First off let me start by saying that last weeks recipe “Italian Cream Cake” is one of the feature recipes on Home to 4 Kiddos weekly “Try New Recipe Tuesday”! I am super honored to have been chosen! If you missed it make sure to go back and check it out. Also, go check out the other yummy things cooking up in kitchen across the country.
This week I am sharing my herb roasted chicken recipe. I love cooking with fresh herbs and the smell that it gives off when they are chopped and cooked! Right now my house will make you drool! haha On the menu is herb roasted chicken, garlic mashed potatoes, stuffing and of course lemon custard pie.
1 whole roasting hen
1/2 c. butter – softened
2-3 garlic cloves, peeled and diced
Rosemary – chopped
Thyme – chopped
Oragano – chopped
Fresh ground pepper
Remove giblets from chicken and rinse under cold water.
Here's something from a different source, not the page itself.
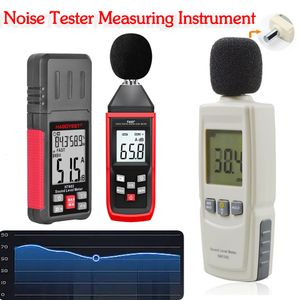 Misuratori di rumore GM1352 Fonometro digitale Tester di rumore 30-130 dB in decibel Schermo LCD con retroilluminazione Rilevatore audio di rumore Microfono automatico 230721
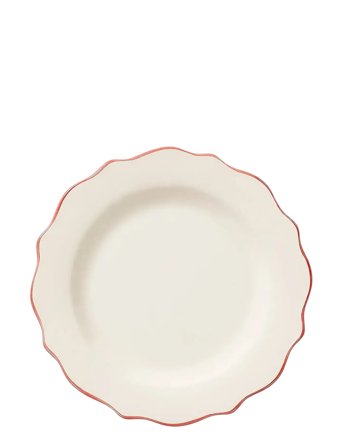 Anna + Nina | Carmine Scalloped Breakfast Plate | Ø 21.5 CM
Pat skin down with paper towel. In bowl mix butter, chopped herbs, garlic, salt & pepper. Smear under chicken skin and on chicken skin. Place onion and left over butter inside chicken cavity. Bake in roasting pan uncovered for 15-20 minutes at 400 degrees. cover and reduce temperature to 350 degrees and continue to bake for 1 1/2 hours or until internal temperature holds at 165 degrees. Let rest for 30 minutes before carving. Reserve drippings for pan gravy.
Use remaining onion, a few more cloves of garlic, more fresh herbs, salt & pepper sauteed in olive oil to make great tasting mashed potatoes. Fix potatoes as usual and add in during mashing.